The vicious circle of skin irritation goes something like this: Begin with a standard introductory sunburn. Then, add about a 100 mosquito bites. Then, add a healthy sheen of sweat from the humid heat and a layer of dirt, grime, & dust. Next, vigorously itch the entire melange until you re-open bite wounds and they ooze pus . Then, attract dozens of flies which land directly on the open bites, and repeat Step 4. Next, lather yourself in a chemical lotion of insect repellent. Finally, since the onset of the wet season has arrived, cover yourself in synthetic rain gear. My urine is nuclear yellow due to the low water content (I sweat all of the fluid out my pores). Between sentences here, I'm raking my cankles with my fingernails in a futile attempt to placate an unrelievable itch.
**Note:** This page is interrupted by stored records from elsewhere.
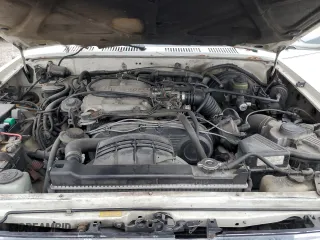 1992 Toyota 4Runner SR5 with VIN JT3VN39W9N8037898, listed as a Copart auction lot 87326984 with 191,803 mi miles and Clean Title. Bid and sale history available at carsss.com. Image 11.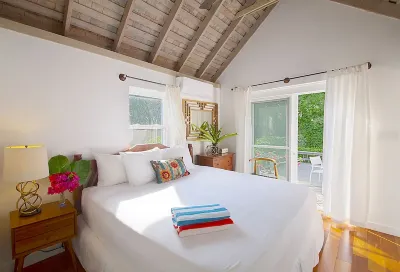 1BR 1BA Garden Cottage on Private Estate w/Pool!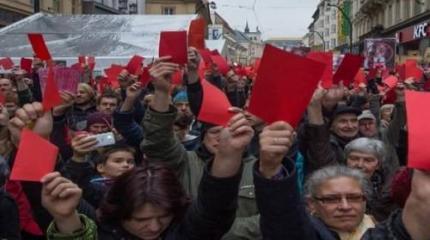 Революция в России: стоит ли ее ждать, а от нее – добра?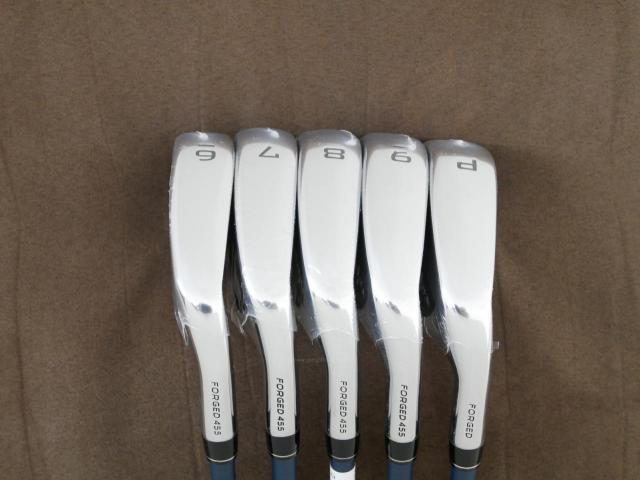 Iron set : Callaway : **ของใหม่ ยังไม่แกะพลาสติก** ชุดเหล็ก Callaway Paradym (รุ่นปี 2023 Japan Spec.) มีเหล็ก 6-Pw (5 ชิ้น) ก้านกราไฟต์ Fujikura VENTUS TR 5 Flex R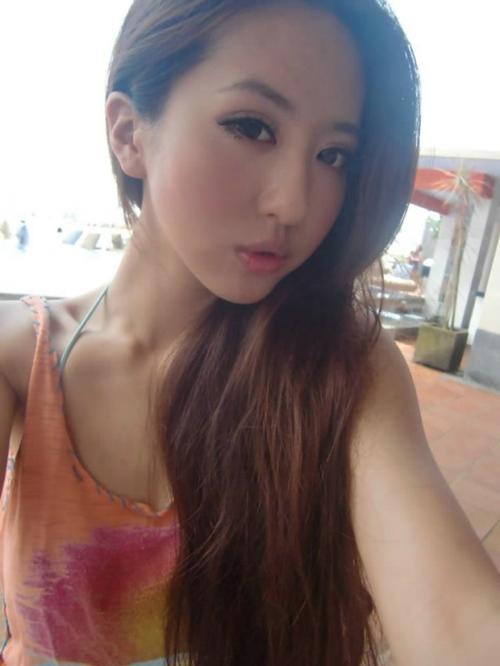 老头猛的挺进她莹莹她的体内视频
It's kicking my ass right now but I refuse to let it defeat me. Ahh, the pleasure & pain of life in the tropics.

Jerome is going back to France today. He has been my communication lifeline as he speaks the best English of the staff here. He is going back to teach at a university in Strasbourg. As it turns out, he has a PhD in cognitive psychology. He hasn't seemed to mind my nickname for him, Dr. J. Jerome sports a jew-fro, but not quite as high and puffy as the master baller of windmill dunk fame.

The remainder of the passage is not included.